Extract, in full, the lines below, beginning at the first and ending with the line that contains "ETIOS 1.5 X Sedan 16V". Pictures do not belong in the copy.
==== STUDY MATERIAL
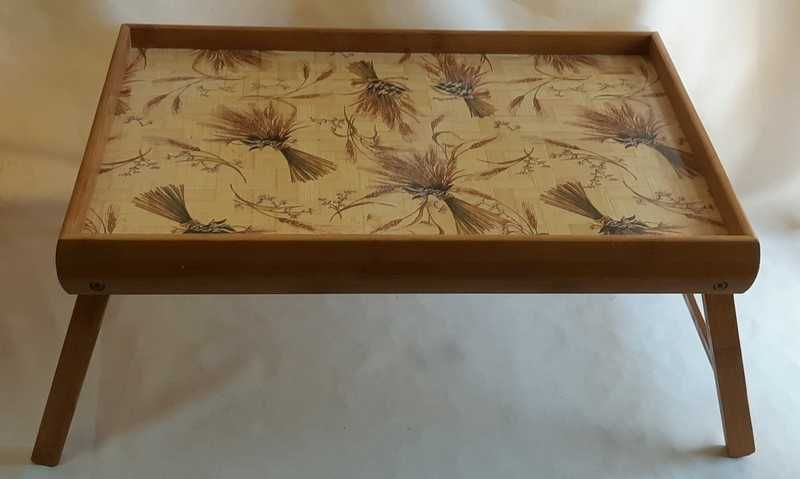 Деревянный столик поднос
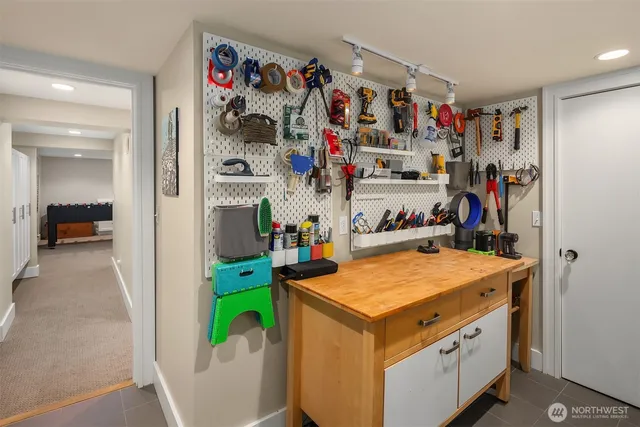 $2,975,000 | 2055 East Crescent Drive, Seattle, WA 98112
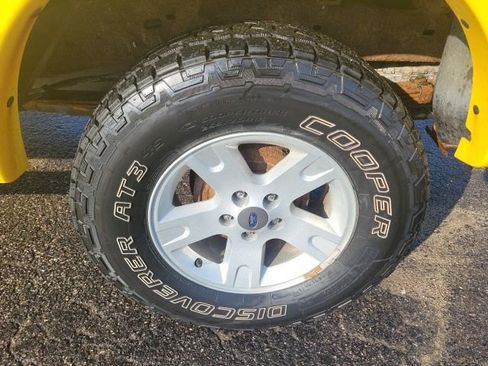 Used 2006 Ford Ranger XLT image 12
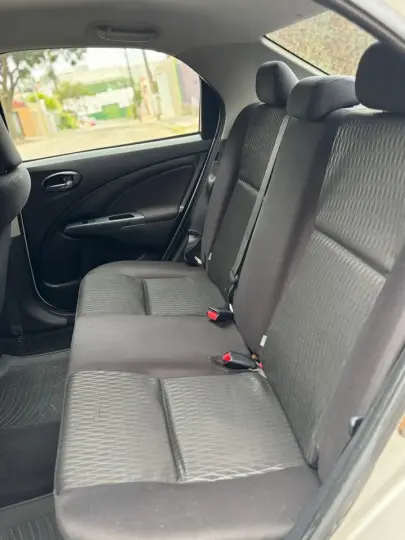 ETIOS 1.5 X Sedan 16V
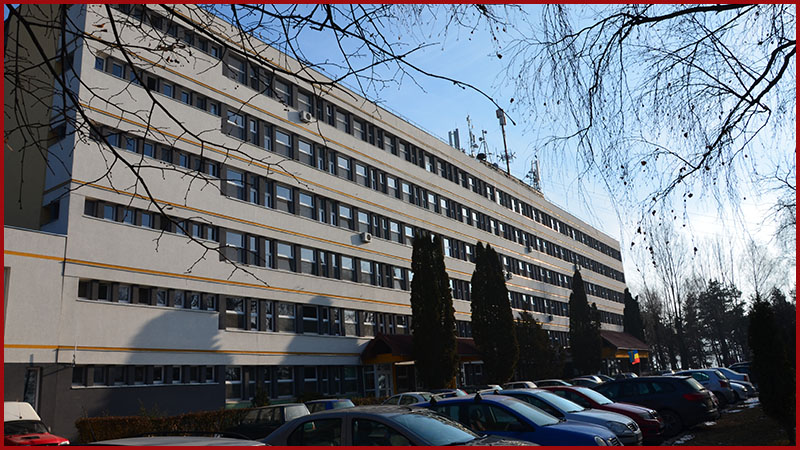 11 bărbaţi reţinuţi după un scandal care a avut loc la Spitalul Judeţean din Miercurea Ciuc 11 bărbaţi reţinuţi după un scandal care a avut loc la Spitalul Judeţean din Miercurea Ciuc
========
__WRITTEN ANSWER__
 Деревянный столик поднос
 $2,975,000 | 2055 East Crescent Drive, Seattle, WA 98112
 Used 2006 Ford Ranger XLT image 12
 ETIOS 1.5 X Sedan 16V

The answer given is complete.